The sweet taste of blame
Following a relationship-dissolution in my mid-twenties, I decided to participate in a few counselling sessions to help me deal with my grief and shame. The kind counsellor wanted to start by talking about my childhood. Together, we remembered things I’d forgotten or hadn’t considered to be that momentous. Until those sessions my childhood was just what it was. I never thought that my upbringing was anything but normal. Of course, I understand now that no one has a typical childhood. Everyone’s is different.
Listen to me read this post:
At the time, though, it was very sweet to look back on how my parents had “wronged” me and hurt me. I’m not sure the counsellor intended this, but I left each session thinking, “This situation and pain isn’t my fault! If it weren’t for my parents, I wouldn’t be in this mess right now!” My declaration was partly true in that if it weren’t for my parents, I wouldn’t be anywhere right now.
Back then I really enjoyed being given permission to criticize the upbringing my parents provided. I hadn’t really gone there before and I liked the ride. It was exhilarating until the blame slowly formed into a hot ball of anger that sat burning in my stomach.

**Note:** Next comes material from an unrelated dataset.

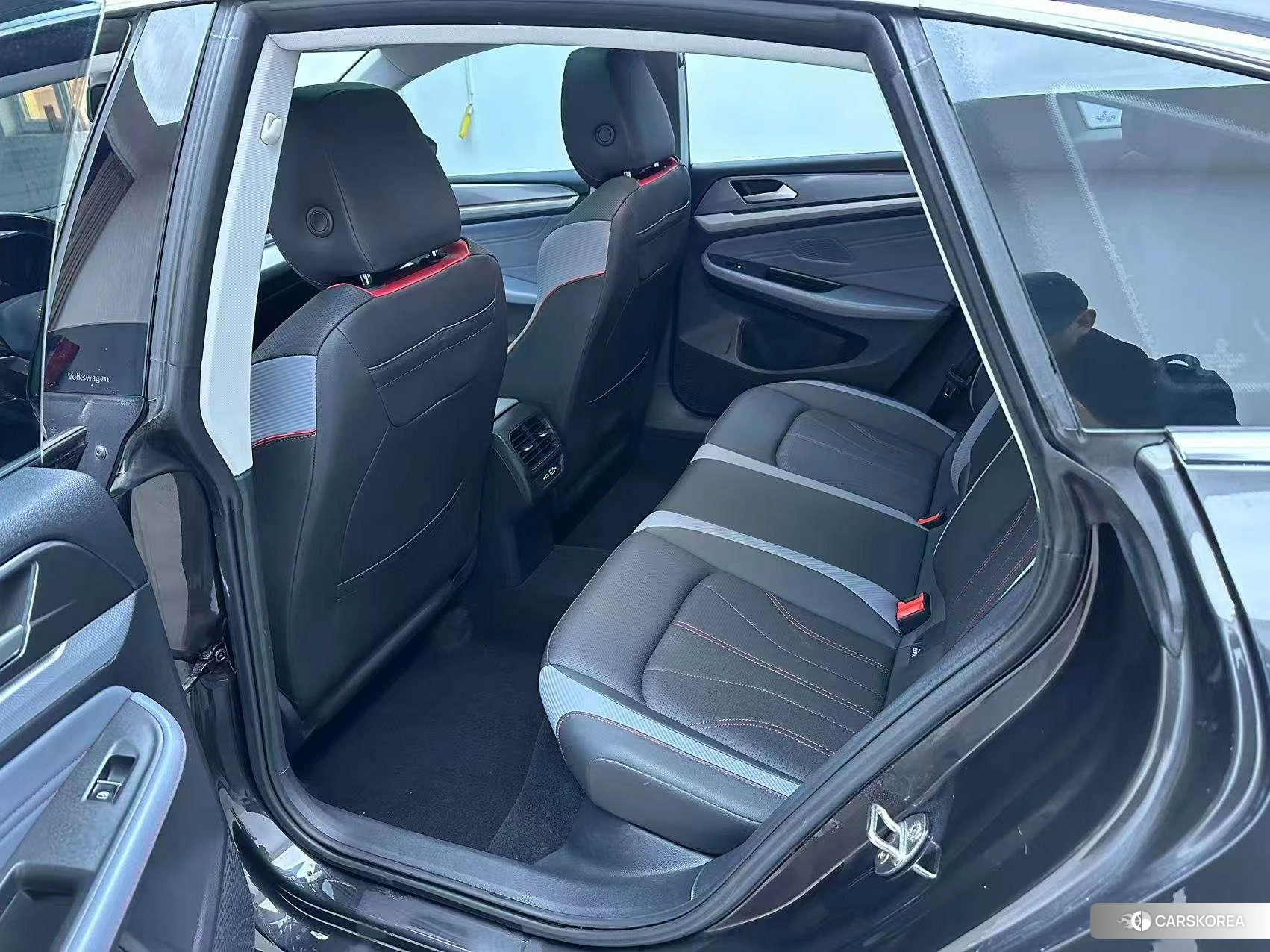 Volkswagen Lamando 2023 Темно-серый из Китая, фото 3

Then I knew I’d ingested too much delicious blame.
The rule of 35
Occasionally I hear people talk about how they were mistreated as kids by their parents. I have no doubt that their stories are true and their pain is real. I also believe this kind of thinking sprinkles salt into wounds that should be allowed to heal.

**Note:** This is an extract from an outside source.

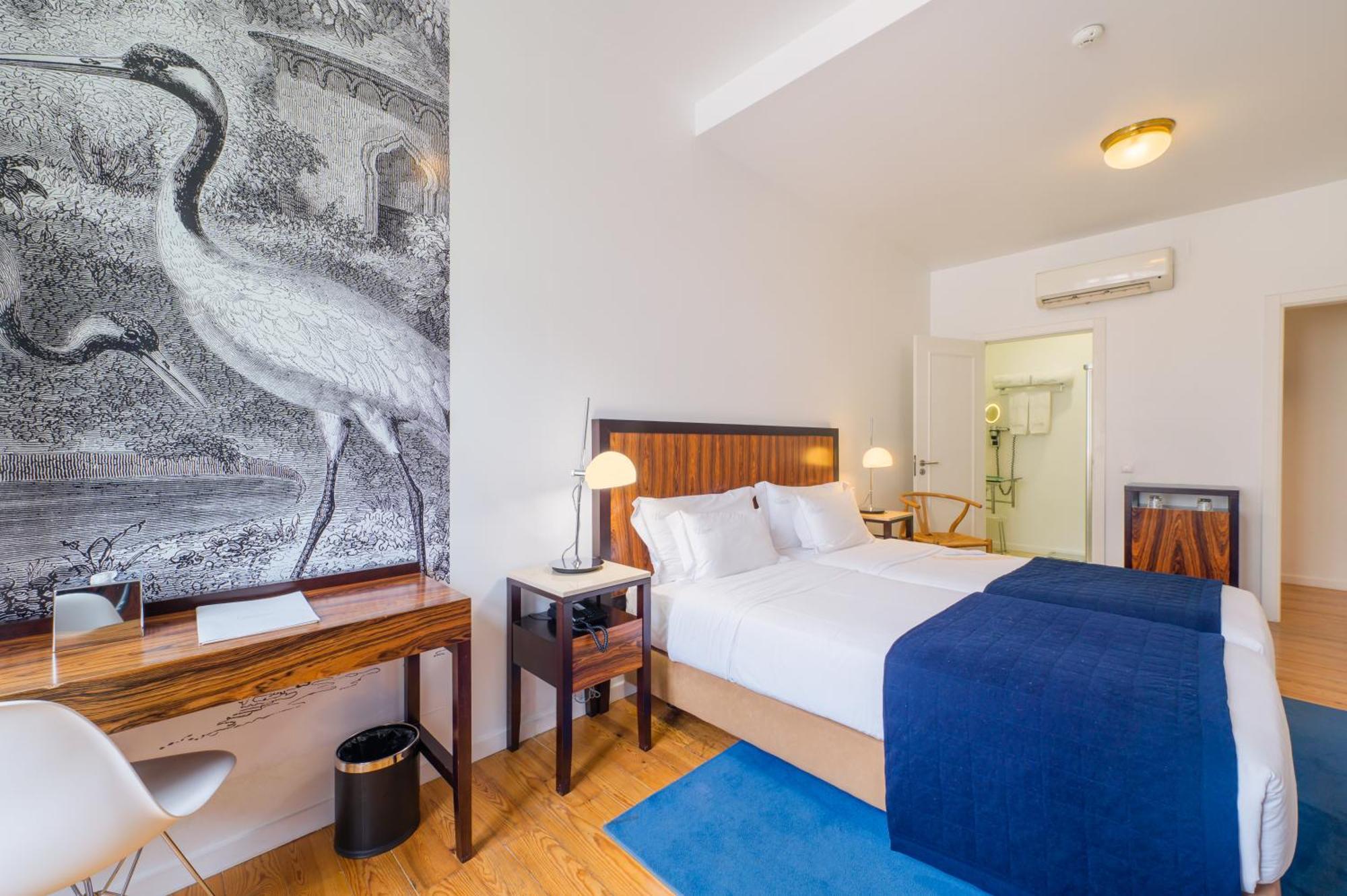 Lisboa Prata Boutique Hotel Bagian luar foto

Is there a cure for some of these old hurts? The good old hard work of forgiveness is the best remedy, but it’s not quick and needs to be done repeatedly. One injection of forgiveness is often not enough. We have to keep getting booster shots to keep our hearts open.

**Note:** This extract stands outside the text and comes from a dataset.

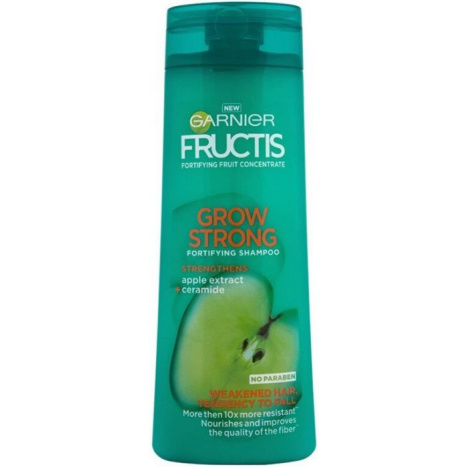 GARNIER FRUCTIS GROW STRONG shampoo for hair healing and growth 400ml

A remedy I developed for myself is the rule of 35. Here’s how it works: If we’re 35 years old or more, we have to stop blaming our parents. We’ve had time to do the necessary repair work and we’ve had time to move on. Any dumb decisions we make at or after 35 are completely and wholly down to us.
And if you’re a parent (disclaimer: I’m not) and your kids are over 35, you can’t take responsibility for their failures or their successes. It’s been too long since you raised them and too many other factors have steered their life’s course. Your past actions and influence are pretty watered-down by now. You did your best. You’ve grown and your children have grown, too. We can remember them, but the people in those old family photos don’t exist anymore.
Uncertain and impossibly young
Speaking of old family photos, I recently saw some photos of my parents as newlyweds. That handsome couple looked impossibly young and very uncertain. Indeed, they were young in those black-and-white pictures, nineteen and twenty-one.
The past is an open cage out of which we can walk anytime. ~ Ajahn Brahm
Seeing my parents so young and so obviously trying to please their own parents, I realized they didn’t have all the answers. Heck, they didn’t know anything. I know this because at nineteen, I didn’t know anything. How can I blame these kids for doing what they thought was best or, at worst, doing the only thing they knew how to do?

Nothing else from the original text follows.